Quando l’istruzione ha natura commerciale

La Commissione UE ha precisato che non costituiscono attività economica i corsi offerti da determinati stabilimenti che formano parte del sistema dell’istruzione pubblica e sono finanziati, del tutto o prevalentemente, con fondi pubblici. La natura non economica dell’istruzione pubblica non viene in linea di principio contraddetta dal fatto che talvolta gli alunni o i loro genitori debbano versare tasse scolastiche o di iscrizione, che contribuiscono ai costi di esercizio del sistema scolastico, purché tali contributi finanziari coprano solo una frazione del costo effettivo del servizio e non possano pertanto considerarsi una retribuzione del servizio prestato. Tali principi riguardano la formazione professionale, la scuola elementare e gli asili nido privati e pubblici, l’attività d’insegnamento esercitata in via accessoria nelle università, nonché l’offerta di istruzione universitaria.

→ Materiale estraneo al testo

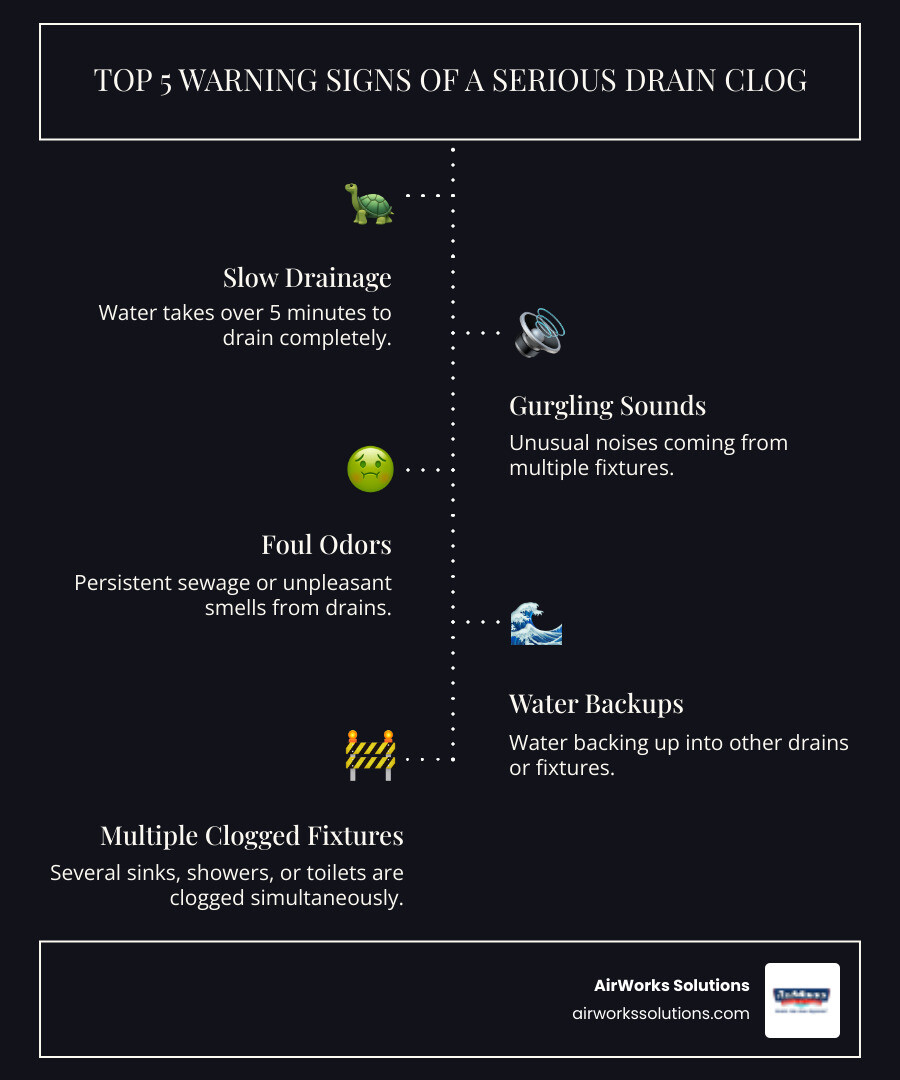 Infographic showing the top 5 warning signs of a serious drain clog: slow drainage taking over 5 minutes, gurgling sounds from multiple fixtures, foul sewage odors, water backing up into other drains, and multiple clogged fixtures simultaneously - drain cleaning somis ca infographic infographic-line-5-steps-dark Infographic showing the top 5 warning signs of a serious drain clog: slow drainage taking over 5 minutes, gurgling sounds from multiple fixtures, foul sewage odors, water backing up into other drains, and multiple clogged fixtures simultaneously - drain cleaning somis ca infographic infographic-line-5-steps-dark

Perciò, le rette di importo simbolico non possano essere considerate una remunerazione del servizio fornito.

La normativa nazionale

I requisiti dettati dalla UE sono stati recepiti dall’art. 4, c. 3, del D.M. n. 200/2012 (Regolamento I.M.U. per enti non commerciali): “Lo svolgimento di attività didattiche si ritiene effettuato con modalità non commerciali se: a) l’attività è paritaria rispetto a quella statale e la scuola adotta un regolamento che garantisce la non discriminazione in fase di accettazione degli alunni; b) sono comunque osservati gli obblighi di accoglienza di alunni portatori di handicap, di applicazione della contrattazione collettiva al personale docente e non docente, di adeguatezza delle strutture agli standard previsti, di pubblicità del bilancio; c) l’attività è svolta a titolo gratuito, ovvero dietro versamento di corrispettivi di importo simbolico e tali da coprire solamente una frazione del costo effettivo del servizio, tenuto anche conto dell’assenza di relazione con lo stesso”.

Le istruzioni per la compilazione del modello di dichiarazione I.M.U. per gli enti non commerciali

Hanno chiarito che l’attività didattica è svolta con modalità non commerciali e, quindi, non è assoggettabile a imposizione allorquando il corrispettivo medio percepito dalla scuola paritaria, equivalente alla media degli importi annui che vengono corrisposti alla scuola dalle famiglie, è inferiore o uguale al costo medio per studente, secondo la tabella ministeriale per l’anno di riferimento.

L’accoglimento del ricorso

Nella specie, la Commissione Tributaria Regionale non si è attenuta ai principi enunciati nel valutare la sussistenza dei requisiti per il riconoscimento del beneficio tributario I.M.U., avendo ravvisato in modo incompleto la ricorrenza sia del requisito soggettivo (con la sola menzione della qualità di ente ecclesiastico) che del requisito oggettivo (con la negazione della “commercialità” dell’attività didattica) senza specificazione. Pertanto, annullando la sentenza con rinvio, il giudice di merito dovrà valutare l’osservanza dei criteri del D.M. n. 200/2012 per stabilire se le attività didattiche siano svolte con modalità “non commerciali”.